**INSTRUCTIONS TO FOLLOW:** Would you give the entries again word for word, with no pictures in the copy?

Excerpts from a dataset

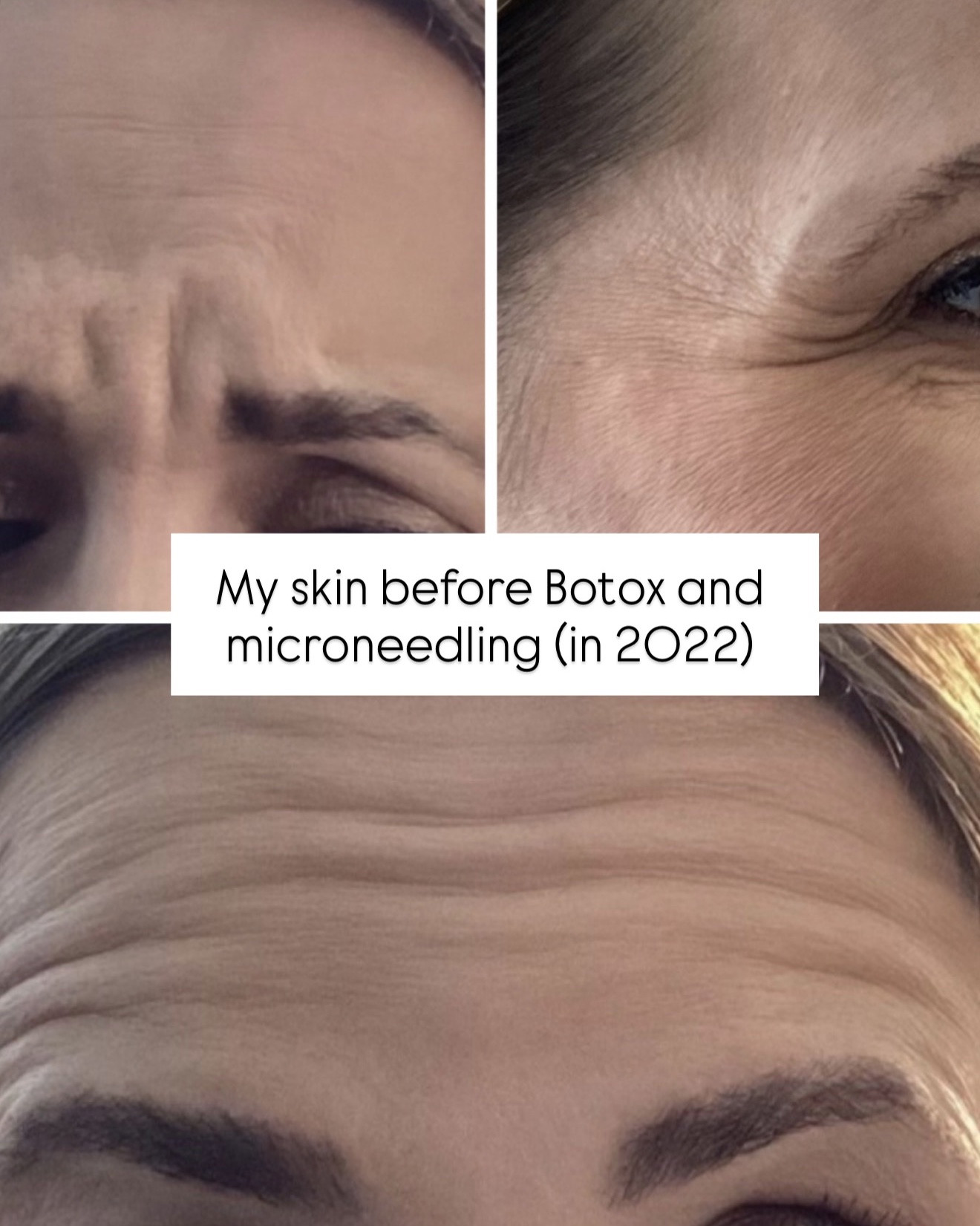 Here are some of the high maintenance things I do to look and feel my best! Anti aging hacks. 
BOTOX: I go every 3-3.5 months and do the majority of units in my forehead where my muscles are most dominant + some in my crows feet area! 
MICRONEEDLING: I’ve tried SO many different systems but I personally love SkinPen! SkinPen is a type of microneedling. I would find someone on your area who does that. You typically need 4-6 sessions to get the results you’re after and can usually purchase a series of 3 to save a little $$ overall. You space them out a month or so in-between treatments. After you’re done with that initial 4-6 treatments - you can usually move to maintenance (maybe for you that’s twice a year - everyone is different). SkinPen is actually more budget friendly than other systems too. Microneedling RF is all the rage but I would personally stay away from it because it can inadvertently target fat in your face and I don’t have a lot of fat to begin with so I don’t want them to accidentally blast that. You are red for 24-48 hours and can wear makeup after 48 hours so recovery isn’t bad at all!

#LTKmorningroutine #LTKBeauty #LTKgrwm #LTKselfcare #LTKmorningroutine #LTKBeauty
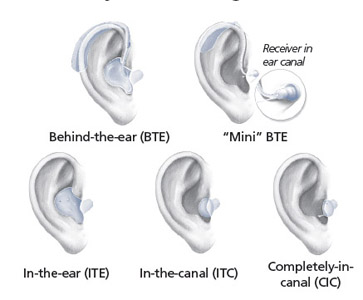 5 types of hearing aids. Behind-the-ear (BTE), Mini BTE, In-the-ear (ITE), In-the-canal (ITC) and Completely-in-canal (CIC)
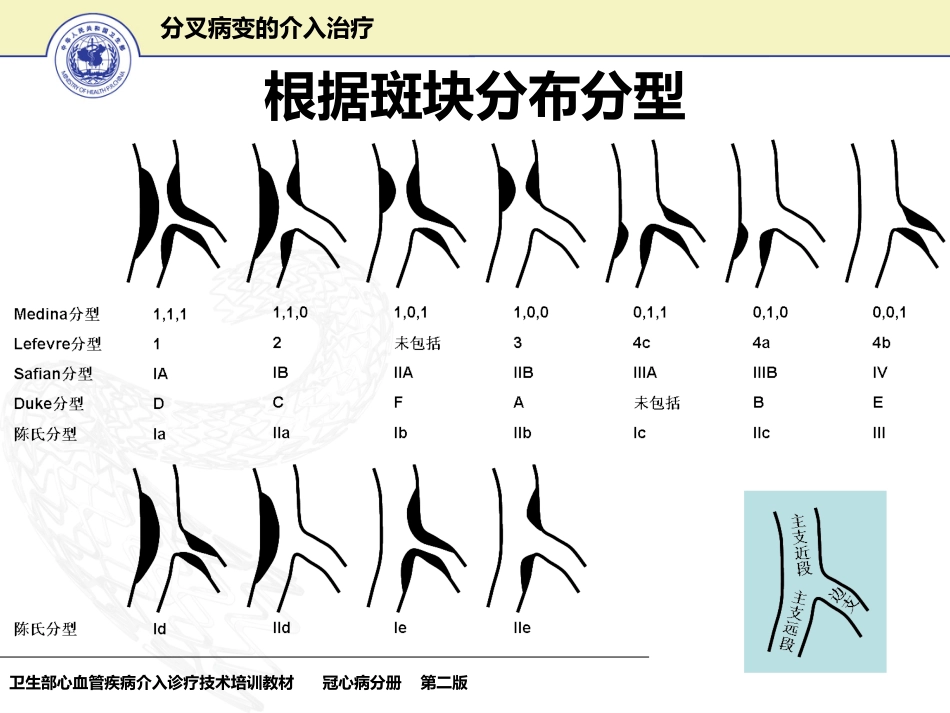 分叉病变的介入治疗_第8页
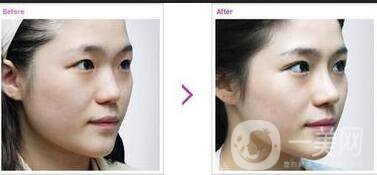 鼻尖整形費用,鼻尖整形注意事項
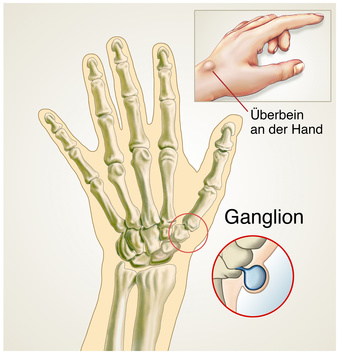 Ganglion / Überbein an der Hand - apotheken-wissen.de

**EXERCISE SOLUTION:**
 Here are some of the high maintenance things I do to look and feel my best! Anti aging hacks. 
BOTOX: I go every 3-3.5 months and do the majority of units in my forehead where my muscles are most dominant + some in my crows feet area! 
MICRONEEDLING: I’ve tried SO many different systems but I personally love SkinPen! SkinPen is a type of microneedling. I would find someone on your area who does that. You typically need 4-6 sessions to get the results you’re after and can usually purchase a series of 3 to save a little $$ overall. You space them out a month or so in-between treatments. After you’re done with that initial 4-6 treatments - you can usually move to maintenance (maybe for you that’s twice a year - everyone is different). SkinPen is actually more budget friendly than other systems too. Microneedling RF is all the rage but I would personally stay away from it because it can inadvertently target fat in your face and I don’t have a lot of fat to begin with so I don’t want them to accidentally blast that. You are red for 24-48 hours and can wear makeup after 48 hours so recovery isn’t bad at all!

#LTKmorningroutine #LTKBeauty #LTKgrwm #LTKselfcare #LTKmorningroutine #LTKBeauty
 5 types of hearing aids. Behind-the-ear (BTE), Mini BTE, In-the-ear (ITE), In-the-canal (ITC) and Completely-in-canal (CIC)
 分叉病变的介入治疗_第8页
 鼻尖整形費用,鼻尖整形注意事項
 Ganglion / Überbein an der Hand - apotheken-wissen.de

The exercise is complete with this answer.